I think the game's a lot of fun and overall good, but the praise tells me we're going to see a lot of copycats of this thing, and a similar dip in overall quality to the genre as we did after the release of Skyrim. And, to some extent, The Witcher 3. I like TW3's story and characters and world, but it's a better-written Assassin's Creed when it comes to actually playing the game. People accept way, way too much tedium and bloat in these things.
Were your only games prior to this Pillars of Eternity and Shadowrun? The number of things in this is pretty low compared to most CRPGs out there. The UI, though, is abysmal and doesn't explain much about what they do.I've never had this issue with any CRPG I've played but the number of spells, abilities, etc. is making my brain hurt
Ironically, while Wrath of the Righteous has an absurd number of abilities, classes, passives, feats, so-on... it actually does a better job at explaining them, if you take the time, because the tooltips are actually fucking useful. Meanwhile, each subclass in this game has abilities it gets down the line, but none of them tell you what they are. So many basic mistakes.

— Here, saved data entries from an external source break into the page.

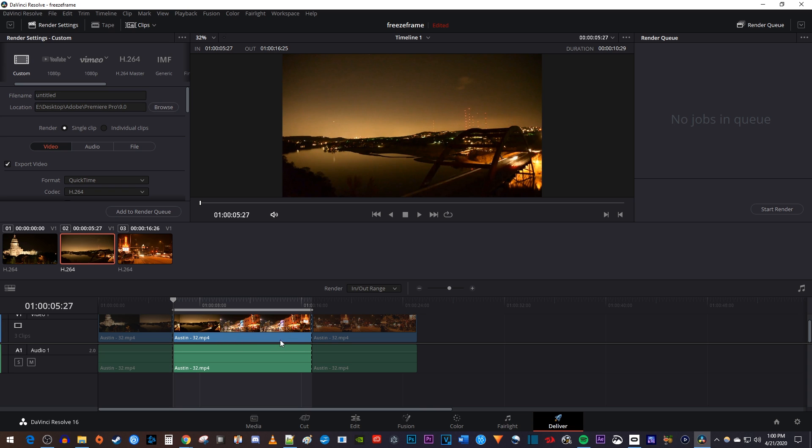Alright, as you can see, only my middle clip is highlighted on the timeline, so now we're ready to export it.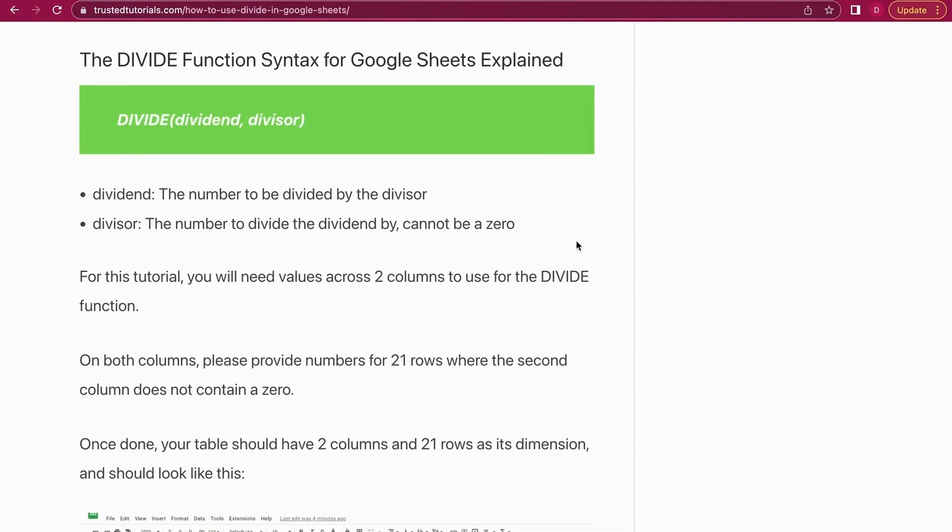Hello, this is Daniel from Trusted Tutorials. Today we're going to look at how to divide in Google Sheets. For this example, I start on the blog, the Trusted Tutorials blog, and I will go into the syntax first, then show you a couple of live examples in Google Sheets.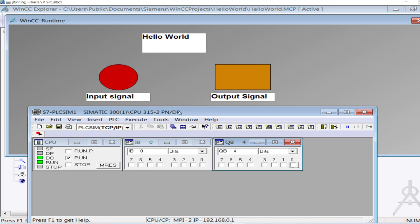So that was the demo of how to add digital input and digital output signals from the PLC into the tag management section of WinCC Explorer, and then display them on the graphics designer HMI in runtime. That's all for now — see you again in the next video.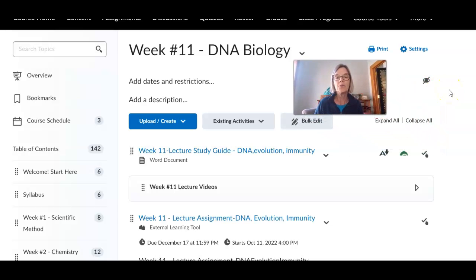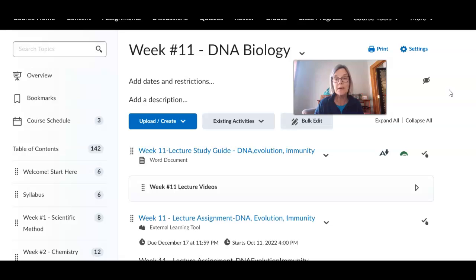Hi everyone, here we are at week 11. We had exam number three last week, week 10, but at the time I'm making this video I haven't been able to do a good look at the exams yet because it's before the due date for the exams to be done. If I have anything to say about the exam I'll make a separate video or I'll do it on the week 12 video.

Disco Elysium did that really well. Pass the check, and you have story A. Fail it, and you have story B. They diverge significantly, and you learn different things on each.I've just heard someone celebrate failed ability checks because they branch the story in a new path.
Baldur's Gate 3 does not do that well. There are two paths - good guy and bad guy (and "pay me to be a good guy" is functionally the same as #1). As such, most failed skill checks are... just failures. There is no other branch they can put you on, because there's two.
The tradeoff is that you have a few different ways to achieve the good guy goal or the bad guy goal, and picking one or the other of those is interesting. But if you ever replay the game, you'll see what I mean. I really liked that I freed the gobbo and saved the absolute recruits to schmaltz my way through and infiltrate the goblin camp, until on a replay to swap to Dark Urge I realized that I could slaughter every single goblin up to the camp, piss off every single absolute cultist and murder them too, and then still walk up to Minthara and blast her off a cliff no differently than the first time. There are like 30 'secret' entrances to the gobbo camp but I cannot fathom why they are there - they offer no benefits compared to just walking in and punching the leaders.